Exactly the lines from the one that holds "this 678×381 image." to the end of the data below: retype these and nothing else.

- THE INPUT -
>>>>>

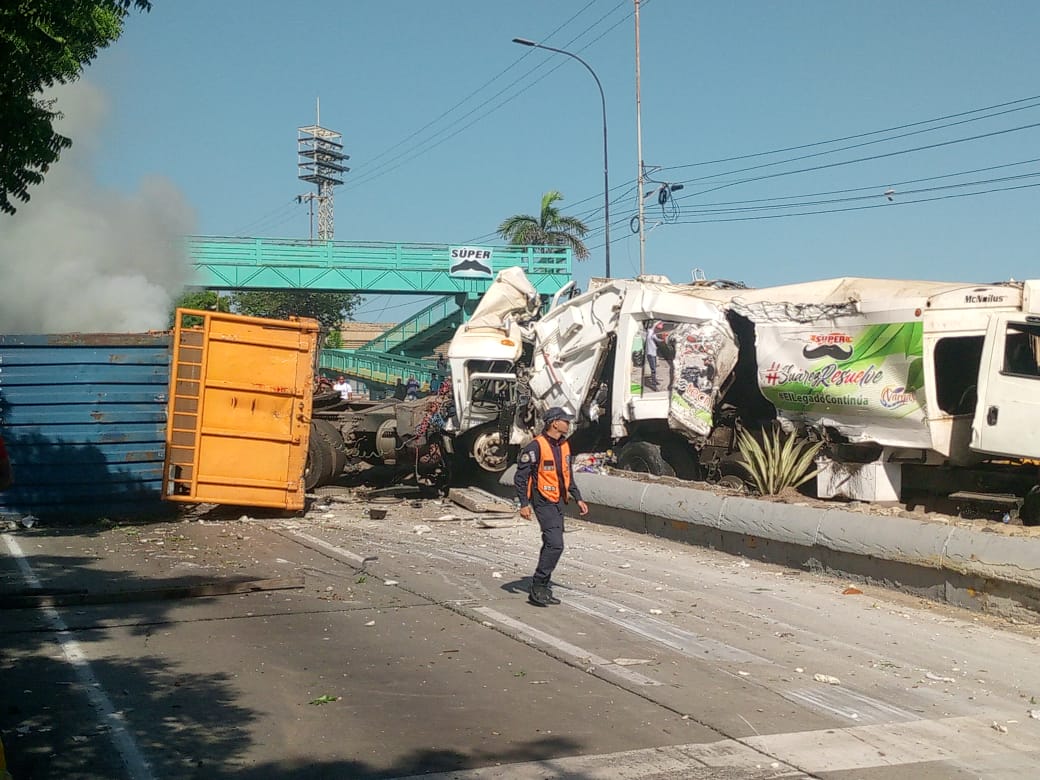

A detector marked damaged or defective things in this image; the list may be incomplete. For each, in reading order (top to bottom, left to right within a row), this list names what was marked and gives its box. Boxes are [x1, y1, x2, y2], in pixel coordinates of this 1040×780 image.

wrecked white garbage truck [445, 268, 1040, 520]
damaged truck body [449, 272, 1040, 522]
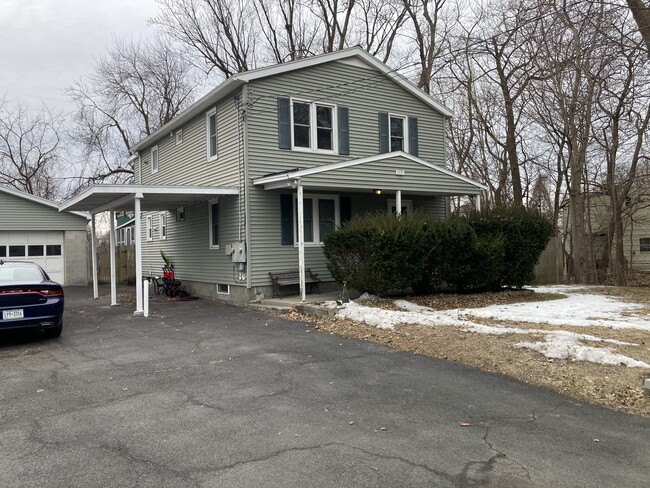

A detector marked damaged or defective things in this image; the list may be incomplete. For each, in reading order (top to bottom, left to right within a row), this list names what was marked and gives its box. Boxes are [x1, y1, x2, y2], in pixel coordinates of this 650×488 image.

cracked pavement [1, 286, 648, 488]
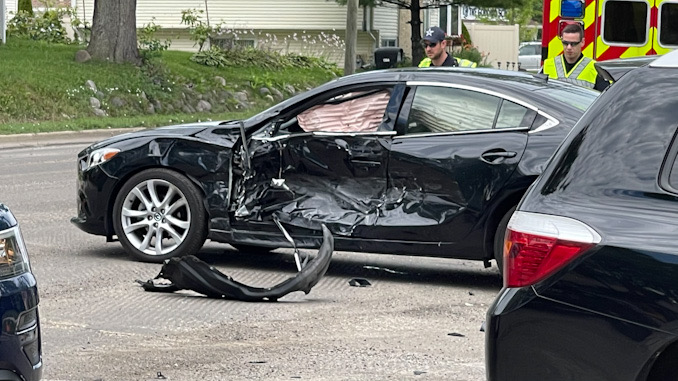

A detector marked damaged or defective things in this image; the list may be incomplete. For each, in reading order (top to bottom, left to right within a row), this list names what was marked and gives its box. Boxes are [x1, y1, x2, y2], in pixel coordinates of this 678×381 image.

black damaged sedan [70, 68, 600, 262]
crushed front fender [139, 223, 334, 300]
detached black bumper piece [139, 223, 334, 300]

<<<<<

- RESPONSE TO THE TASK -
A detector marked damaged or defective things in this image; the list may be incomplete. For each, in reading order (top to bottom, left to right within a row), this list names what was marked and gives its box. Boxes are [x1, y1, x2, y2], in pixel coordinates of this 678×381 image.

black damaged sedan [70, 68, 600, 262]
crushed front fender [139, 223, 334, 300]
detached black bumper piece [139, 223, 334, 300]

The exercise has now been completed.